Wright scored on his Arsenal debut v Leicester in the League Cup, and scored a hat trick in his first League match. He won the Golden Boot in the first season at Highbury and scored the last ever goal in the first division.
All of us who saw him play will have special memories. I can remember watching from the West stand near the North Bank as Wright, laying on the ground having fallen in a tackle, propped himself up on one arm, swung his leg and got a goal.
Fortunately I don’t recall 28 August 1993 when his single, “Do the Wright Thing” entered the charts! And thankfully it was only there for two weeks.
But oh yes I do remember 13 September 1997 when he broke Cliff Bastin’s record with a hattrick against Bolton. He’d been waiting for that final goal for a couple of weeks, and in this match, if my memory is right, Bolton scored first. Then in the 21st minute he scored in front of the Clock End and took off his shirt to reveal the “179” record on his tee-shirt – which was unfortunately because he hadn’t broken the record yet. But then Vieira shot, the ball trickled to Wright and he scored from, oh, what? One yard. Yes about that. Parlour got the third and Wright got his 10th hat trick for Arsenal in the second half.
All wonderful stuff, but sadly it wasn’t always like that. The incident on 13 December 1997 stays in mind. Arsenal had been defeated by Blackburn at home, and Ian Wright leaned out of an office window after the game and shouted abuse at the fans who were protesting. He was warned by the police as to his future conduct.
Moving on there was the May 1998 cup final in which Christopher Wreh played, rather than Wright. Sounds strange doesn’t it. But later that month Wright did play for England, which makes the cup final decision all the more interesting.
By 10 July 1998 as Arsenal (by then of course double winners) went to Boreham Wood for one of the traditional openers, it was suggested that Wright was going and he left three days later for… West Ham. Then on 12 September 1998 Mr Wenger said in public he was looking for a new striker to replace Ian Wright, and would like to sign Emile Heskey. As you will know, we were spared that.
He was our top scorer for six years running, and was part of the Cup Double under Graham in 1993 and was a part of the team that beat Parma in the CWC – although he didn’t play in the final.

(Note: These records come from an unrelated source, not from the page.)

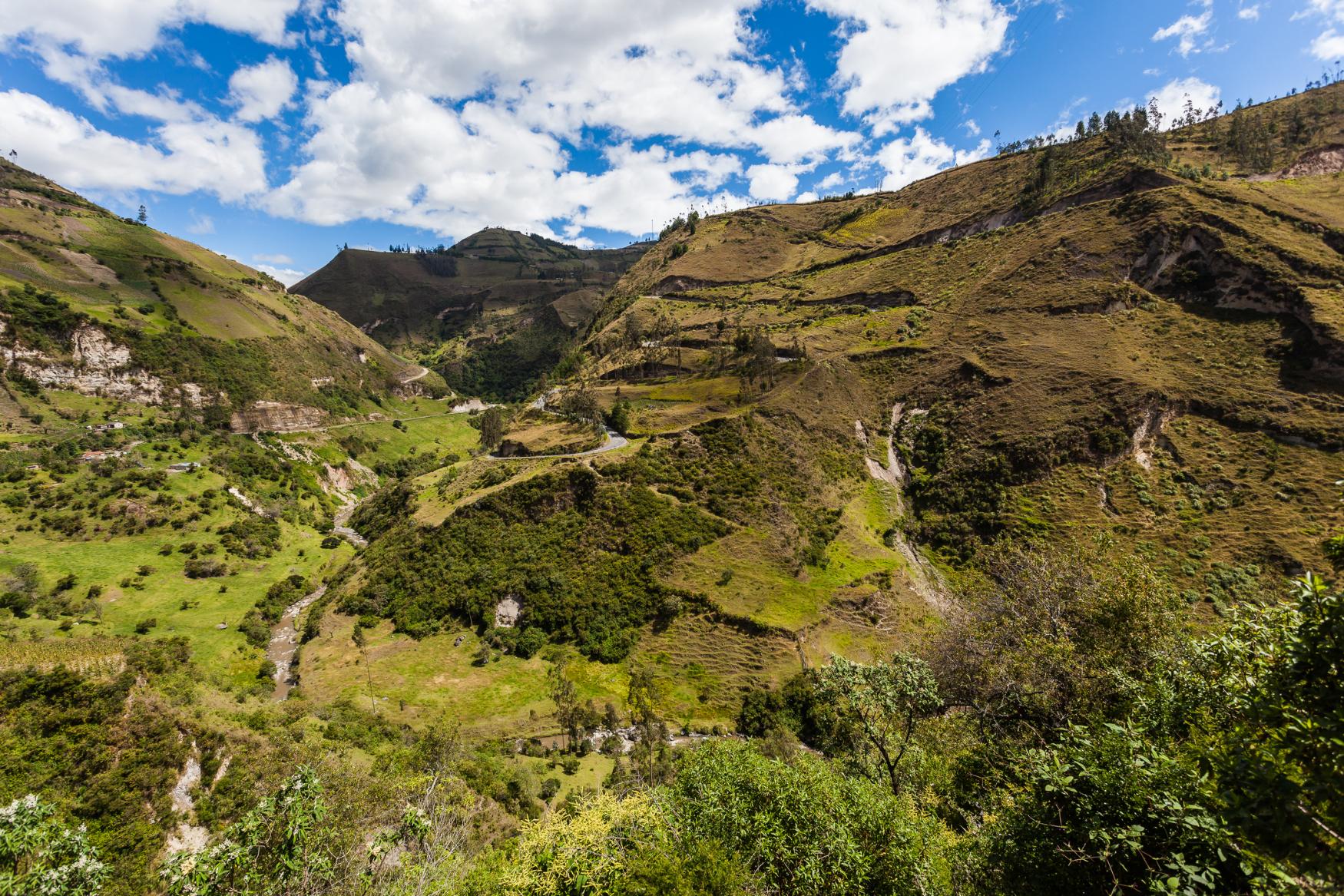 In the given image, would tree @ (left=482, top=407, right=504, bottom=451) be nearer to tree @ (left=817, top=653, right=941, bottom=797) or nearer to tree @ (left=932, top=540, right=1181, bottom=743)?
tree @ (left=817, top=653, right=941, bottom=797)

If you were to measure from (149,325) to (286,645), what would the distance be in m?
102

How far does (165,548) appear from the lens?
65.3m

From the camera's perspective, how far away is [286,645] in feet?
181

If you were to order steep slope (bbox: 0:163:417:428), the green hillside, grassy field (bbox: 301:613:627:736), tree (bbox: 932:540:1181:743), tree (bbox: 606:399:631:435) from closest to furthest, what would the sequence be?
the green hillside, tree (bbox: 932:540:1181:743), grassy field (bbox: 301:613:627:736), tree (bbox: 606:399:631:435), steep slope (bbox: 0:163:417:428)

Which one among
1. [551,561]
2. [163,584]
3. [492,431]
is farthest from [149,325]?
[551,561]

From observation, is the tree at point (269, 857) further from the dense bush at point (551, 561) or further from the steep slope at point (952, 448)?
the dense bush at point (551, 561)

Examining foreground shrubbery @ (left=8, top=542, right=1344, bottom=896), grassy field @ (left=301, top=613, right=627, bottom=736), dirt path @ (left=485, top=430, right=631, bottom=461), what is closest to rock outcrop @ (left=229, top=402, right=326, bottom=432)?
dirt path @ (left=485, top=430, right=631, bottom=461)

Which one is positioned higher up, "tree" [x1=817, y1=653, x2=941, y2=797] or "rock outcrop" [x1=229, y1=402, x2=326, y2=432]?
"rock outcrop" [x1=229, y1=402, x2=326, y2=432]

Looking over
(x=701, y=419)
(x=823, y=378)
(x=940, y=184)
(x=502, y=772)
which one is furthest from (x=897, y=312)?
(x=502, y=772)

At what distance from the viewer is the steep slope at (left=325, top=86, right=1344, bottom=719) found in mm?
50219

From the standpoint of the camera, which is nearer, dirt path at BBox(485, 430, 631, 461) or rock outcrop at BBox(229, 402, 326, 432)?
dirt path at BBox(485, 430, 631, 461)

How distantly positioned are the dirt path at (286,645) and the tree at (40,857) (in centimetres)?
3981

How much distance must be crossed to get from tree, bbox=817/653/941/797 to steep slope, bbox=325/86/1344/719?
19908mm

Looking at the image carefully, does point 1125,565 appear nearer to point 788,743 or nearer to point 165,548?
point 788,743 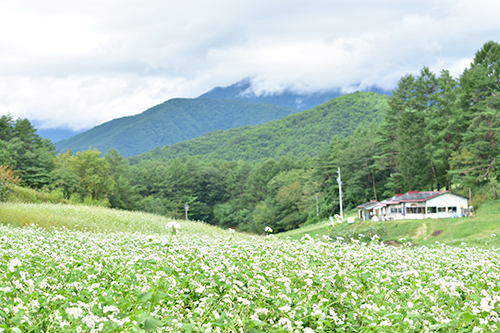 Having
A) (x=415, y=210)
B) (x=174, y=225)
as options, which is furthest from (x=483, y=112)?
(x=174, y=225)

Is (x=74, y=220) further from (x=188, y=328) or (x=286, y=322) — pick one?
(x=286, y=322)

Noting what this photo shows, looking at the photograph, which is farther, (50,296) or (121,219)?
(121,219)

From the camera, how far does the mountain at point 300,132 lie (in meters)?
138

He was 32 when Arsène Wenger turned up but Mr Wenger still used him, and he got 23 goals that season, but the injuries associated with advancing years in football slowed him – hence the non-appearance in the cup final.
In July 1998 he went to West Ham but never found his form again. While at Sheffield Wednesday he trashed a ref’s dressing room after being sent off, but he could still get goals – he scored in his first game at Forest and first at Celtic, although there are reports that the Celtic fans turned on him.
He was a resident fool on Match of the Day for a while, but on 17 April 2008, he left the showing saying that he was used as a “comedy jester”. And although he may be applauded for showing up the nonsense of that programme, he has made himself a regular critic of Arsenal, and of course Mr Wenger.
It’s sad that it’s ended like this, because in his prime at Arsenal he was superb.